Such projects run counter to some ideas of how alternative energy should be developed. Jeremy Rifkin, the author and futurist who believes that millions of people will soon be generating their own hydrogen from renewable energy, said that waste was built into large central projects because of electrical transmission losses.
"If you go and put it in the desert and bring it back in, you lose 7 to 9 percent on the way," he said.
More to the point, Mr. Rifkin said, home-grown energy is going to be cheaper. "It's a question of who owns and controls it at the end of the line," he said. "If you own it on your own, it's going to be at a cheaper price than if the utility company is going to sell it to you."
But it is not just corporations that are finding that bigger may be better.
Hull, Mass., is about as far from an oil or gas well as it is possible to get in the United States. Its municipal utility decided in the early 1980s to build a wind turbine, making an asset from the strong breeze coming off the ocean north of Boston. The machine it built could generate 40 kilowatts, enough for a handful of homes.

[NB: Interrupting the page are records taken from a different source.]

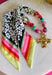 A little bold, a little western, and full of personality! This colorful bandana scarf necklace blends vibrant prints with meaningful details for a statement accessory you’ll love wearing. The scarf features black and white florals paired with bright stripes in pink, green, red, orange, and yellow for a fun pop of color. Finished with a gold textured cross pendant and a turquoise bead accent, this piece brings together playful style with a hint of western charm. 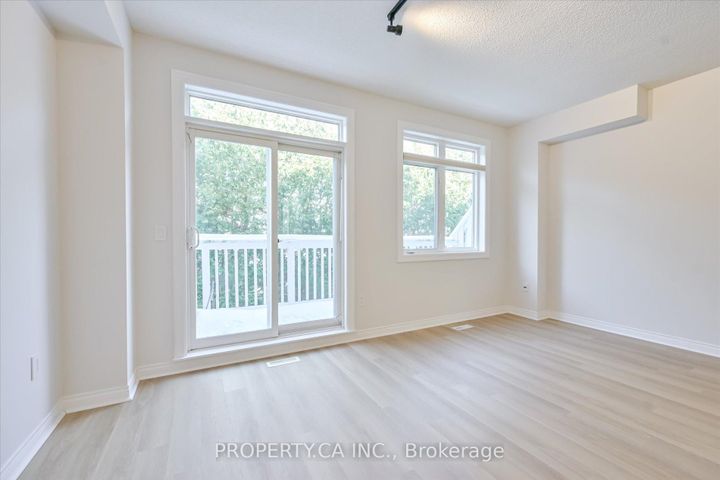 Photo 12 at 46 - 1051 On Bogart Circle, College Manor, Newmarket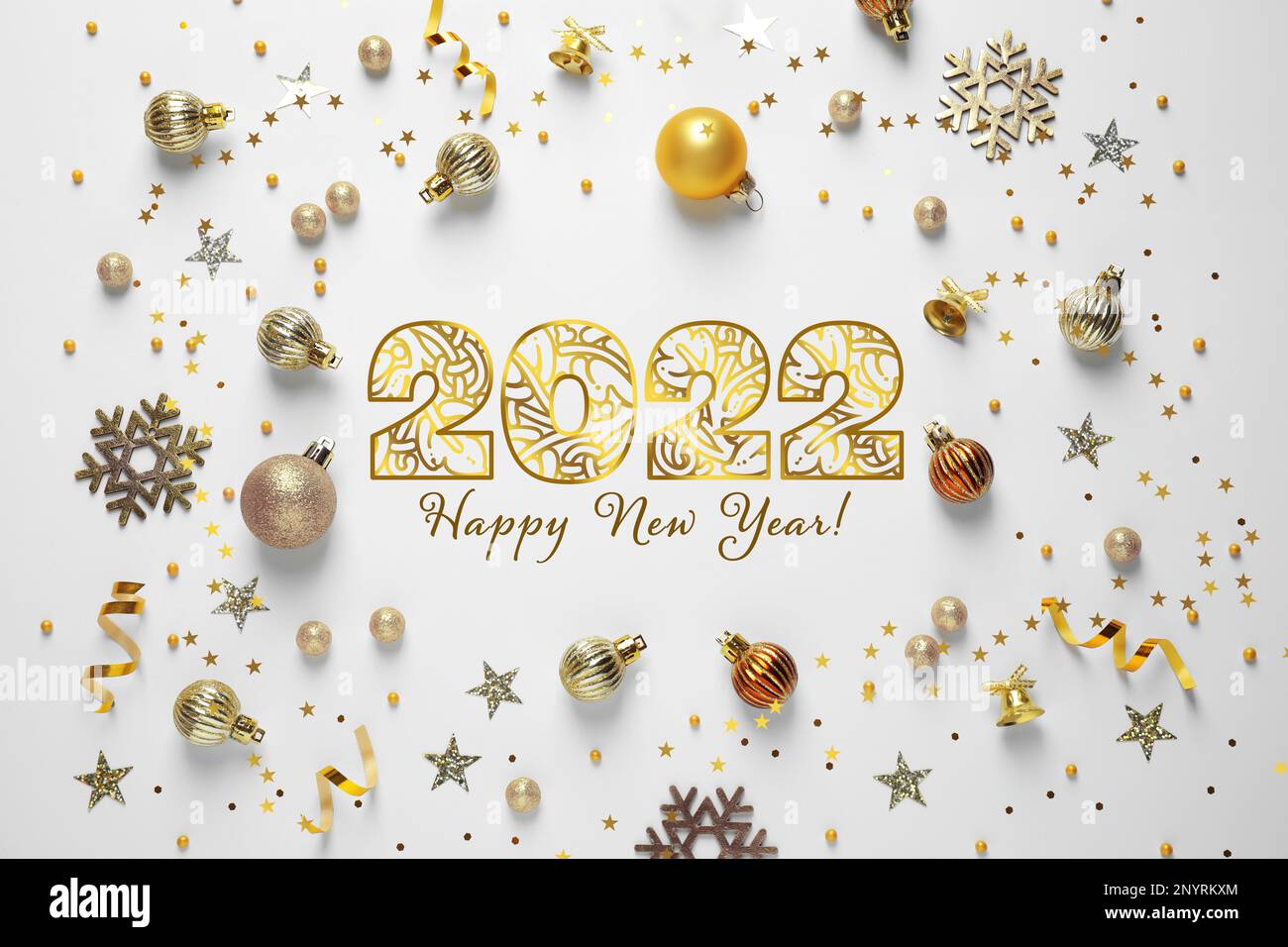 Happy New 2022 Year! Flat lay composition with decorations on white background Stock Photo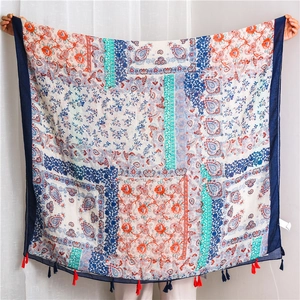 Close-up of bohemian scarf with floral paisley prints and vibrant colorful tassels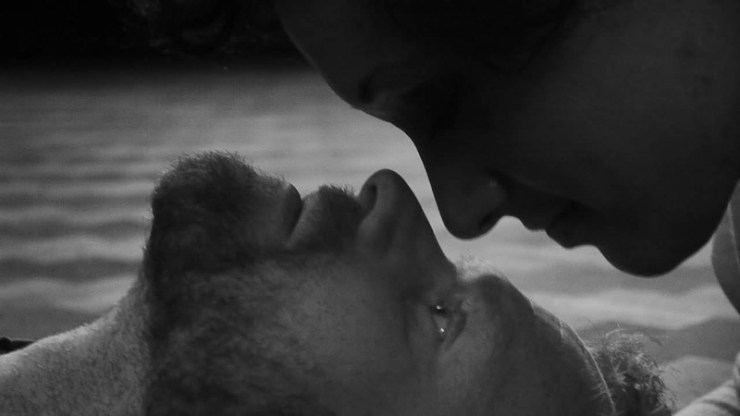 Film still from A Different Kind of Conversation by Kimberley Harvey. Black and white image of two people looking intensely into each other's eyes.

Five years ago, Hull tried again, still wanting to cut energy costs and also the emissions of greenhouse gases that might one day cause the Atlantic Ocean, which surrounds the town on three sides, to creep up the beaches. It built a wind machine 16 times larger, 660 kilowatts. While the 1985 turbine was on a structure that looked a bit like a ham-radio operator's antenna, the new one, named Hull 1, was on a 150-foot tower.
But it was too small. Last year the town installed Hull 2, which at 1.8 megawatts is three times larger. Now Hull is considering four new turbines that can produce 3.6 megawatts each. "The small one we have, purely aesthetically, is kind of an ugly thing," said John B. Murdock, manager of the municipal electric system. With their slow-moving, graceful blades, he said, "the big ones are much more attractive."
They also make better economic sense, he said. Earlier this year, the town put up a tiny turbine, 1,800 watts, as an educational tool, for $15,000. If 1,000 families in the area put up such machines, they would have the same output as Hull 2, at a cost of $15 million. Hull 2 cost about $3 million.
Hull's economics are being repeated around New England and the world. Farther down the Massachusetts coast in Nantucket Sound, for example, entrepreneurs are trying to build the Cape Wind project, 130 turbines producing 3.6 megawatts each.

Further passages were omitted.